Premium
Towards developing a protein infrared spectra databank (PISD) for proteomics research
Author(s) -
Hering Joachim A.,
Innocent Peter R.,
Haris Parvez I.
Publication year - 2004
Publication title -
proteomics
Language(s) - English
Resource type - Journals
SCImago Journal Rank - 1.26
H-Index - 167
eISSN - 1615-9861
pISSN - 1615-9853
DOI - 10.1002/pmic.200300808
Subject(s) - protein secondary structure , fourier transform infrared spectroscopy , fourier transform , pattern recognition (psychology) , biological system , computer science , proteomics , infrared spectroscopy , spectral line , artificial intelligence , chemistry , analytical chemistry (journal) , mathematics , biology , physics , chromatography , optics , mathematical analysis , biochemistry , organic chemistry , gene , astronomy
Abstract Fourier transform infrared (FTIR) spectroscopy is an attractive tool for proteomics research as it can be used to rapidly characterize protein secondary structure in aqueous solution. Recently, a number of secondary structure prediction methods based on reference sets of FTIR spectra from proteins with known structure from X‐ray crystallography have been suggested. These prediction methods, often referred to as pattern recognition based approaches, demonstrated good prediction accuracy using some error measure, e.g. , the standard error of prediction (SEP). However, to avoid possible adverse effects from differences in recording, the analysis has been mostly based on reference sets of FTIR spectra from proteins recorded in one laboratory only.
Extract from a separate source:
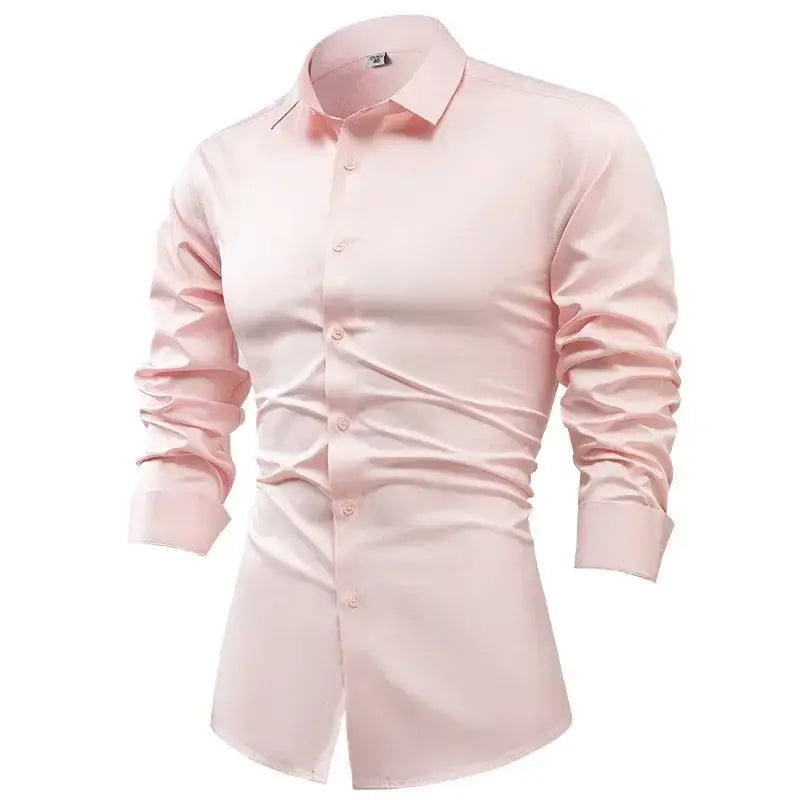 R&z - Silk cotton long sleeved shirt men’s pure white shirt 2025 spring high-end sense inch shirt casual business suit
As a result, these studies were based on reference sets of FTIR spectra from a limited number of proteins. Pattern recognition based approaches, however, rely on reference sets of FTIR spectra from as many proteins as possible representing all possible band shape variation to be related to the diversity of protein structural classes. Hence, if we want to build reliable pattern recognition based systems to support proteomics research, which are capable of making good predictions from spectral data of any unknown protein, one common goal should be to build a comprehensive protein infrared spectra databank (PISD) containing FTIR spectra of proteins of known structure. We have started the process of developing a comprehensive PISD composed of spectra recorded in different laboratories. As part of this work, here we investigate possible effects on prediction accuracy achieved by a neural network analysis when using reference sets composed of FTIR spectra from different laboratories. Surprisingly low magnitude of difference in SEPs throughout all our experiments suggests that FTIR spectra recorded in different laboratories may be safely combined into one reference set with only minor deterioration of prediction accuracy in the worst case.